We did the Revolution in reverse this summer - the first trip took us to Yorktown in southeastern Virginia, and our last foray brought us through Lexington and Concord. It was a driving summer, hundreds and hundreds of miles and dozens of hours spent on Interstate-95 and its tributaries up and down the east coast. Those memories are a wicked blur: big box stores, rest-stops, exit signs, tunnel entrances and bridge abutments. From south of Richmond to north of Boston, the Eisenhower Highways were thick with semi-trucks, road debris, and buses. A nasty business that gets the job done. But a thin memory.
The names were better.
All were either Indian or Anglo, English or Native American. Towns and places named for royalty or titled Englishmen: Yorktown, Mount Vernon, Jamestown, Georgetown, Lake George, Gloucester, Cape Ann, Essex, Williamsburg. The simple English-language place names: Brant Lake, Eastham, Provincetown, Beach Haven, Rockport, Cape Cod. And the indigenous names: Annisquam, Saratoga, Mashpee, Barnegat, Sacandaga, Adirondack, Nauset.
This is old country and we rambled about in history. This last jaunt (a free-loader's delight) was a contrast - only five days and more than 600 miles of driving cobbled to gorgeous shorter days in the deeper color contrast of late summer. The first two in a favorite spot on the Annisquam River, in an old fishing cottage on the water. Watching the tidal changes and the nautical traffic was better than anything on cable this summer - constantly changing, filled with personality. We took the boat over to the beach, hit the flea market, ate several pounds of lobster each, and worked it off in the kayaks. Cape Ann is an oft-overlooked summer destination, north of Boston and packed with history and this was our third visit with our good friends Doug and Suzanne and their kids.

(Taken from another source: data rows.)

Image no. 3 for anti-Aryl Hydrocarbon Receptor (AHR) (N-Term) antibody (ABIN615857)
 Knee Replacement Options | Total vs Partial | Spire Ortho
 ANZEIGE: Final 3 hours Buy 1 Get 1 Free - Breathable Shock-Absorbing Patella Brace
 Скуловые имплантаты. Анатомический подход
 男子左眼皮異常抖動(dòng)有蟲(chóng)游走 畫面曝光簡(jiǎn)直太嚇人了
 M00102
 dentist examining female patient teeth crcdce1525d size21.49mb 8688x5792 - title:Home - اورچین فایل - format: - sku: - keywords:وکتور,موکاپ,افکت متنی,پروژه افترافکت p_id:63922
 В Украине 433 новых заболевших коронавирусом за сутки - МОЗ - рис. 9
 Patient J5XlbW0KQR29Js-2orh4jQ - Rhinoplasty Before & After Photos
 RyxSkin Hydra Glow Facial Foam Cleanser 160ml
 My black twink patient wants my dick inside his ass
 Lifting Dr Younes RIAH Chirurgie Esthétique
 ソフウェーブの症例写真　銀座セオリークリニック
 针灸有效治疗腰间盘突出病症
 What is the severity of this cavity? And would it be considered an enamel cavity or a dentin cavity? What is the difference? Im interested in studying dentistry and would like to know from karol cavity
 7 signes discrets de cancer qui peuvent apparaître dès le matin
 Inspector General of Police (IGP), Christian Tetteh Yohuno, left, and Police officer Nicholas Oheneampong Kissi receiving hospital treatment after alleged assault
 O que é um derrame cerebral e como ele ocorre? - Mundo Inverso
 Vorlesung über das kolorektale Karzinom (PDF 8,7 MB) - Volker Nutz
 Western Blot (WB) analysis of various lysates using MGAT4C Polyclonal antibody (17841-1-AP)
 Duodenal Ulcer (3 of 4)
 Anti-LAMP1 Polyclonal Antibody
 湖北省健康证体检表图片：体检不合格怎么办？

Then a run down the coast, around Boston to the bigger Cape. First though, an hour's side trip to Concord and a brief stop at Minute Man National Historic Park, part of our history theme this summer. We raced through Concord - there goes Emerson's house, hey was that Hawthorne's place - got a few pictures by the Minute Man statue and merged back onto I-95.
It's a long way out on the Cape to Eastham, where we spent two great days with Steve and Carla. More lobster and two beaches - Coast Guard Beach (part of the Nauset Beach section of the incredible Cape Cod National Seashore) and First Encounter Beach on the bayside, where the native Indians first encountered the pilgrims in 1620 - followed by a long shopping stroll through Provincetown. We didn't hit every gallery, but we came close.
A huge moon near full lit the way back along the giant dunes, and the next morning we drove the great, winding arc from out on the Cape, around Block Island Sound, around Long Island Sound, and down into New York - and the end of summer.